The format of the output is hopefully rather self explanatory: each line starts with the lower bound of a bin, and the value for that bin. The last line contains the upper bound of the last bin.

The algorithm used to compute these histograms is approximate: it adapts the width of the bins to the data received, and requires very little memory or computation. However, the values of the bins is not quite exact, as some points might be counted in a neighbouring bin to the one they should belong to. Normally, over a large datasets, these approximations should roughly even out.

Parallel processing

To aid in running Wiggletools efficiently, a script, parallelWiggletools.py was designed to automate the batching of multiple jobs and the merging of their output. At the moment, this scripts requires an LSF job queueing system.
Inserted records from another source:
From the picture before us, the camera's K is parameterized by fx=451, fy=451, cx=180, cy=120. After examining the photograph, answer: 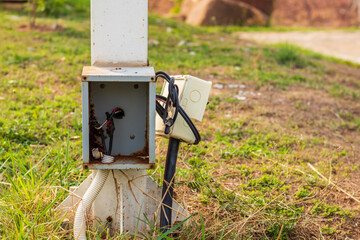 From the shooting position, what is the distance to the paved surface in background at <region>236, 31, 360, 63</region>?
→ 8.02 metres

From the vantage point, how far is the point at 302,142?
366 centimetres

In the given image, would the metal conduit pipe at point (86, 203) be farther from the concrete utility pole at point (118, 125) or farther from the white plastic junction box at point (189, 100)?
the white plastic junction box at point (189, 100)

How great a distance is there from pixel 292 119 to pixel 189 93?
7.30 feet

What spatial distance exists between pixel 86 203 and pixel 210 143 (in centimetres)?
151

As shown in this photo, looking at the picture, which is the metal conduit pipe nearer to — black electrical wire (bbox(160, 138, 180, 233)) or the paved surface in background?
black electrical wire (bbox(160, 138, 180, 233))

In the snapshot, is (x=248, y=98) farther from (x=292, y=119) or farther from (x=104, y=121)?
(x=104, y=121)

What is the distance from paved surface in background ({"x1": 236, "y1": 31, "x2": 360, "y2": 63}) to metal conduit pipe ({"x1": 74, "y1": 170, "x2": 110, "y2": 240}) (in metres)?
6.02

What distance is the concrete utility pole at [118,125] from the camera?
2.07m

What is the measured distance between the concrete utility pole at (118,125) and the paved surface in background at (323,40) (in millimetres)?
5815

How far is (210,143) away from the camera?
3.50 m

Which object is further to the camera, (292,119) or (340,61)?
(340,61)

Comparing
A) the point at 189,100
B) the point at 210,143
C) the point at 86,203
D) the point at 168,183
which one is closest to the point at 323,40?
the point at 210,143

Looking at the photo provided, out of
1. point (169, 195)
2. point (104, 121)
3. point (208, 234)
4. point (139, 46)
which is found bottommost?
point (208, 234)

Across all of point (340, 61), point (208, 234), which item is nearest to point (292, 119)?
point (208, 234) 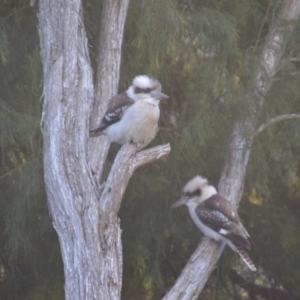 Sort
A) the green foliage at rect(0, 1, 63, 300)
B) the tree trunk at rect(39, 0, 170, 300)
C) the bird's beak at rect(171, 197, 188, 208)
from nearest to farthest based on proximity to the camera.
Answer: the tree trunk at rect(39, 0, 170, 300) → the green foliage at rect(0, 1, 63, 300) → the bird's beak at rect(171, 197, 188, 208)

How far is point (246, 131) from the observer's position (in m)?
5.96

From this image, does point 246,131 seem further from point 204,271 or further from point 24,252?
point 24,252

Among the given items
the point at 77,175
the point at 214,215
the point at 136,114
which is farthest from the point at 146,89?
the point at 214,215

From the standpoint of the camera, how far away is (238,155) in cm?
613

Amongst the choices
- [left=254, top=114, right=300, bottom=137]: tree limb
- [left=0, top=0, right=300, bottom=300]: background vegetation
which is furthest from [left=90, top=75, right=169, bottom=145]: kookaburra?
[left=254, top=114, right=300, bottom=137]: tree limb

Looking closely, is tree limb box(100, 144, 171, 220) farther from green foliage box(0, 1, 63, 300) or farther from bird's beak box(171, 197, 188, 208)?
bird's beak box(171, 197, 188, 208)

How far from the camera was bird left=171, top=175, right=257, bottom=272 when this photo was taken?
20.0 feet

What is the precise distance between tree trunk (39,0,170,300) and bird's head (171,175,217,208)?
63.6 inches

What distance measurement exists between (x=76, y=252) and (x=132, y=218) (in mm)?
2083

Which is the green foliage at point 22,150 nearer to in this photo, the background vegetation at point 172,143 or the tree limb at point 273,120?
the background vegetation at point 172,143

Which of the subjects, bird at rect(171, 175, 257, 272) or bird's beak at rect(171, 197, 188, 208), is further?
bird's beak at rect(171, 197, 188, 208)

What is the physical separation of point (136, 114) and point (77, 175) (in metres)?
0.69

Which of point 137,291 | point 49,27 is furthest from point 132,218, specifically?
point 49,27

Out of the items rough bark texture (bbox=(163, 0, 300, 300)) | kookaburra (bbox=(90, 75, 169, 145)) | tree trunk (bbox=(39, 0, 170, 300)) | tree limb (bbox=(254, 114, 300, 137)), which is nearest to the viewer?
tree trunk (bbox=(39, 0, 170, 300)) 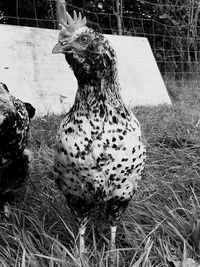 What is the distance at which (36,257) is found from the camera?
1.50m

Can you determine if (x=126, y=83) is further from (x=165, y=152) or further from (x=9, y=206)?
(x=9, y=206)

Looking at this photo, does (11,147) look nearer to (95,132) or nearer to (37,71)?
(95,132)

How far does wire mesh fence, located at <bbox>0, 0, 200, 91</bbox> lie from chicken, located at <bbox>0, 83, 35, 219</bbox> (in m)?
4.69

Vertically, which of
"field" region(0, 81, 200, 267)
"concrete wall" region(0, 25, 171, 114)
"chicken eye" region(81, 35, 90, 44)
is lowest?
"field" region(0, 81, 200, 267)

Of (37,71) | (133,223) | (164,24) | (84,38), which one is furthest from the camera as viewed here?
(164,24)

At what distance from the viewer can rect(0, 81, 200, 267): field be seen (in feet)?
4.86

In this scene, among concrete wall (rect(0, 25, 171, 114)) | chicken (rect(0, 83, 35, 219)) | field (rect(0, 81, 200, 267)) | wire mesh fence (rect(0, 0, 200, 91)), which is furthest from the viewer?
wire mesh fence (rect(0, 0, 200, 91))

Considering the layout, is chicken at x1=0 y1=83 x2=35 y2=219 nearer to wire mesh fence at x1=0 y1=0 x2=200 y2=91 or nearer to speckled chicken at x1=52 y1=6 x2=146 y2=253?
speckled chicken at x1=52 y1=6 x2=146 y2=253

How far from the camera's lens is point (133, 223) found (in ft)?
5.58

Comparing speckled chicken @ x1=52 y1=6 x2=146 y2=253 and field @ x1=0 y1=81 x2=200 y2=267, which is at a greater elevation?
speckled chicken @ x1=52 y1=6 x2=146 y2=253

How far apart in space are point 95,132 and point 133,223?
1.80ft

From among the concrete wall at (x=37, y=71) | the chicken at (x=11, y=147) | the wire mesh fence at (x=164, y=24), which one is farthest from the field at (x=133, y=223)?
the wire mesh fence at (x=164, y=24)

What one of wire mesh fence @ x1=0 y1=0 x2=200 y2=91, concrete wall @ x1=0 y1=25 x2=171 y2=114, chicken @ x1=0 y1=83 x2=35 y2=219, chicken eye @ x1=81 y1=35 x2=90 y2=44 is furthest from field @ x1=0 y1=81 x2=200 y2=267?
wire mesh fence @ x1=0 y1=0 x2=200 y2=91

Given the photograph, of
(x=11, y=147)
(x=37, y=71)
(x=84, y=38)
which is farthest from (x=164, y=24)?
(x=84, y=38) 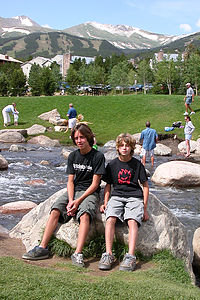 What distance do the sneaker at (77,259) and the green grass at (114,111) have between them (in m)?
18.7

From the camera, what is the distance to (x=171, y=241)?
5375 mm

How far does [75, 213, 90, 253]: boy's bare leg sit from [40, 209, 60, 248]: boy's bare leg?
430 millimetres

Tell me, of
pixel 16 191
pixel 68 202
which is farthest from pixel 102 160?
pixel 16 191

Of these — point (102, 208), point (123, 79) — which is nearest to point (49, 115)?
point (102, 208)

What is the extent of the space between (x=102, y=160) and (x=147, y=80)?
242 feet

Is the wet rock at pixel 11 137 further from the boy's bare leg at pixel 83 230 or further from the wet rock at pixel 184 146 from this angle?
the boy's bare leg at pixel 83 230

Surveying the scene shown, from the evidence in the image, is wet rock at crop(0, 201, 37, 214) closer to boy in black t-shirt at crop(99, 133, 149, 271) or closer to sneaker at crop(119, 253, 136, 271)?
boy in black t-shirt at crop(99, 133, 149, 271)

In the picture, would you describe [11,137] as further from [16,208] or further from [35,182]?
[16,208]

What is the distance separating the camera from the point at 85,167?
5.79m

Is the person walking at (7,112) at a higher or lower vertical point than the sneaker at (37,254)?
higher

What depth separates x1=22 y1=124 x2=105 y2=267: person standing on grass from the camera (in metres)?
5.10

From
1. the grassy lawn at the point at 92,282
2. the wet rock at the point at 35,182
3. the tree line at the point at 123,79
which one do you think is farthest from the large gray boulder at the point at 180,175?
the tree line at the point at 123,79

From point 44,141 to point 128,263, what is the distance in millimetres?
19209

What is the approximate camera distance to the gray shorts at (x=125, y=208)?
206 inches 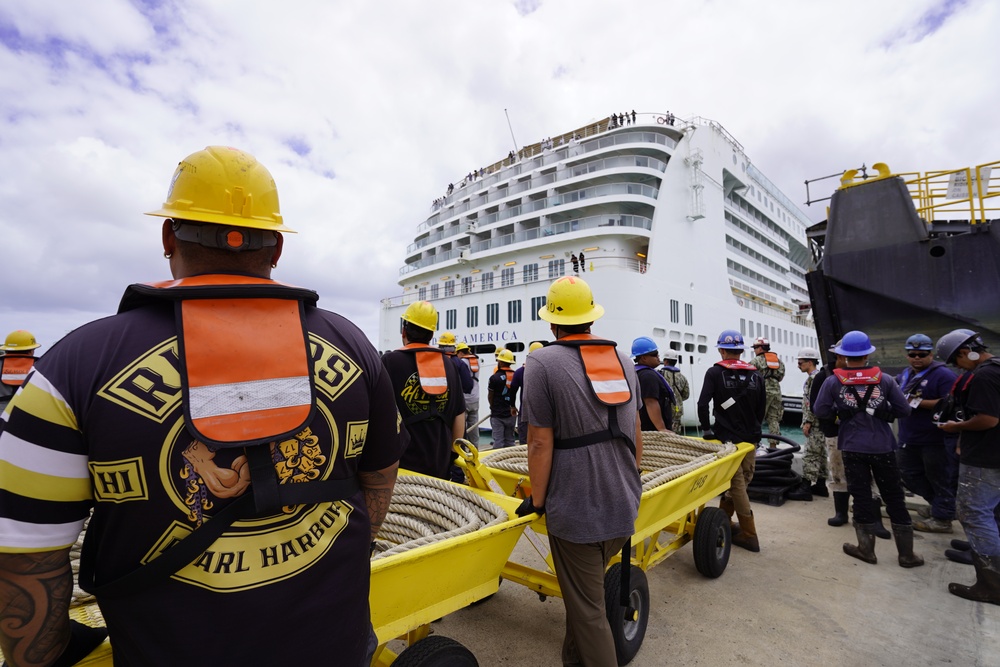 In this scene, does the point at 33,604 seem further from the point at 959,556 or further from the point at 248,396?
the point at 959,556

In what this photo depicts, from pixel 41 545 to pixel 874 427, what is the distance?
493 cm

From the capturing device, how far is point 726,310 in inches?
725

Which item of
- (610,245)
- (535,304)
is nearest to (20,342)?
(535,304)

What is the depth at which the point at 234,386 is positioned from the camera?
0.91m

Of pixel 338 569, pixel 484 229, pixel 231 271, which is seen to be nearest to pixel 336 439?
pixel 338 569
To run this script, you must provide first with a tab-delimited file that specifies the names and legnths of all the chromosomes in your genome, see test/chrom_sizes for an example.

You then specify a Wiggletools command, note how the write function now points to a BigWig file:

parallelWiggletools.py test/chrom_sizes 'write copy.bw test/fixedStep.bw'

Because these are asynchronous jobs, they generate a bunch of files as input, stdout and stderr. If these files are annoying to you, you can change the DUMP_DIR variable in the parallelWiggleTools script, to another directory which is visible to all the nodes in the LSF farm.